Wychowanek klubu MKS Piaseczno za sprawą pięknej bramki ustalił wynik spotkania na 3:1 dla Jagiellonii Białystok.
Od sezonu 2022/2023 piłkarzem Jagiellonii Białystok jest Michał Żyro, który swoje pierwsze piłkarskie kroki stawiał w KS Piaseczno. Napastnik jeszcze do sierpnia reprezentował barwy Piasta Gliwice, ale zdecydował się podpisać z białostockim klubem roczny kontrakt z opcją przedłużenia o kolejne 12 miesięcy. Do minionej kolejki Żyro rozegrał 7 meczów w różnym wymiarze czasowym, aczkolwiek w żadnym z nich nie udało mu się zdobyć gola. Przełamanie nastąpiło w ostatnim spotkaniu przeciwko Wiśle Kraków, w którym 29-latek pojawił się na murawie w drugiej części meczu.
W sobotę 20 listopada Jagiellonia podejmowała na własnym boisku Wisłę Kraków. Ostatni raz „Jadze” udało się zdobyć komplet punktów 1 października, więc jej gracze zdecydowanie potrzebowali w tym dniu zwycięstwa. Grająca praktycznie od początku spotkania w przewadze Jagiellonia objęła prowadzenie w 41 minucie po bramce Błażeja Augustyna. Krakowianie wyrównali tuż przed przerwą trafieniem Serafina Szoty. W drugiej połowie gospodarze ponownie byli górą, gdy gola na 2:1 zdobył Tamas Prikryl. W 87 minucie padła najładniejsza, a zarazem ostatnia, bramka w tym starciu – „Jagiellończycy” odebrali piłkę na środku boiska, Michał Żyro popędził w stronę pola karnego rywali i oddał fantastyczny strzał w okienko bramki Pavelsa Steinborsa, powodując tym samych wybuch radości białostockich kibiców.

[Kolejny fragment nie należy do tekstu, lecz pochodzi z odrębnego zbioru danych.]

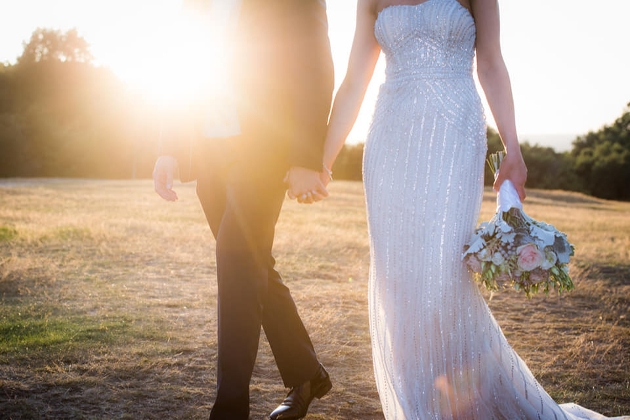 bride and groom walking in a field bride holding bouquet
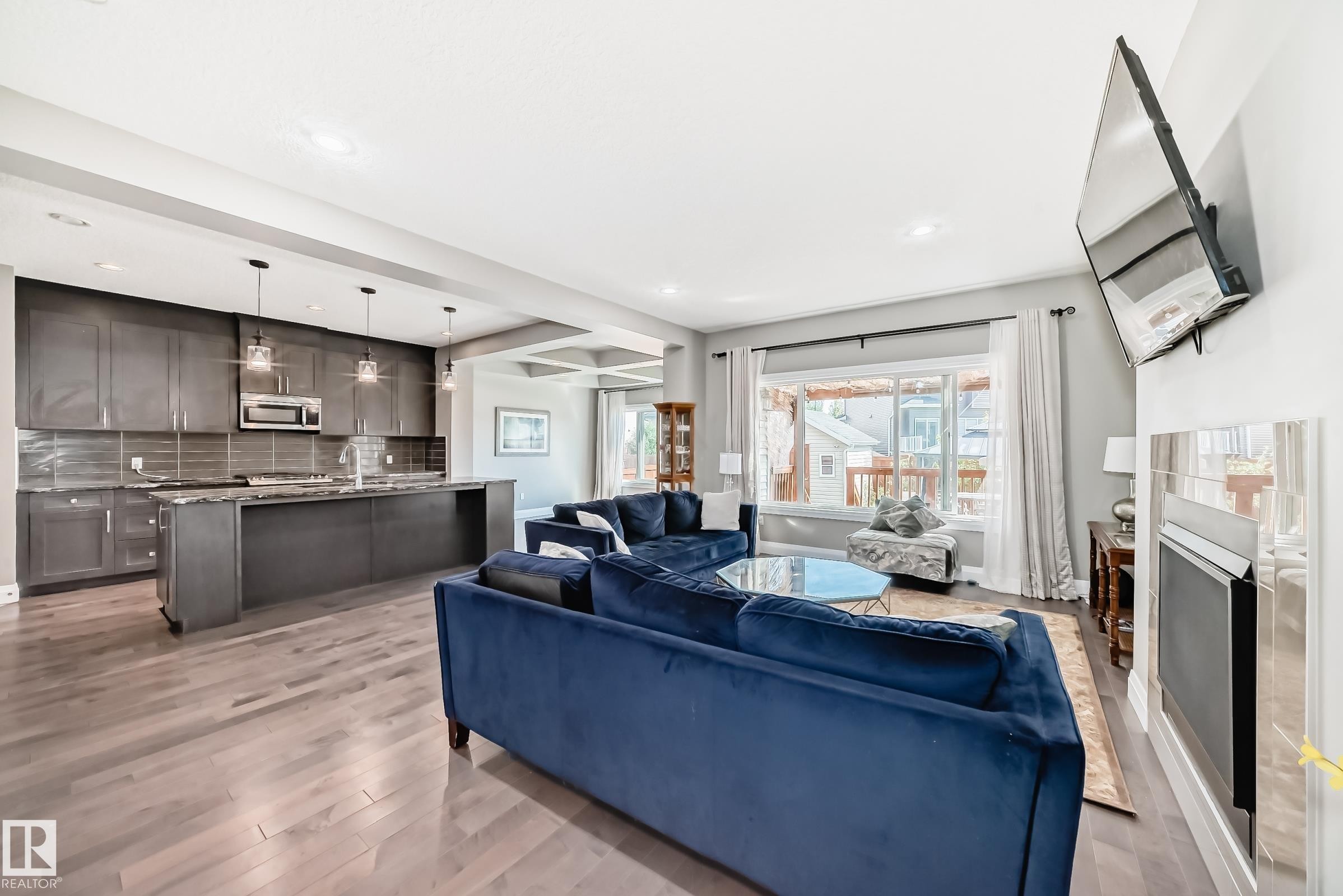 Open-concept living space featuring wood-finish flooring, a contemporary kitchen with dark cabinetry and pendant lighting, a recessed fireplace with a tiled surround, and large windows - 4155 Charles Link, Edmonton, AB - Indoor With Fireplace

Michał Żyro: Wiedziałem, że jestem potrzebny zespołowi
– Zdobyłem fajną bramkę, ale wychodzę na mecz przede wszystkim po to, żeby dobrze zagrać. Ciężko zapracowałem na to, żeby wreszcie zdobyć pierwszą bramkę dla Jagi. Oby to był początek czegoś dobrego – powiedział po meczu Michał Żyro w wywiadzie z oficjalną stroną internetową Jagiellonii. – Ostatnio moja forma i całego zespołu zwyżkuje i to bardzo cieszy. Pewnym usprawiedliwieniem słabszych spotkań, które miały miejsce tuż po moim przyjściu, jest fakt, że musiałem trochę poznać ten zespół, przyzwyczaić się do jego sposobu gry. Poznałem dobrze taktykę zespołu i teraz prezentuję się znacznie lepiej. Często jest tak, że gdy wchodzę na boisko, robię coś pozytywnego. Wiedziałem, że jestem potrzebny zespołowi, szczególnie przy stanie 1:1. Ciężko zapracowałem na to, żeby wreszcie zdobyć pierwszą bramkę dla Jagi. Oby to był początek czegoś dobrego.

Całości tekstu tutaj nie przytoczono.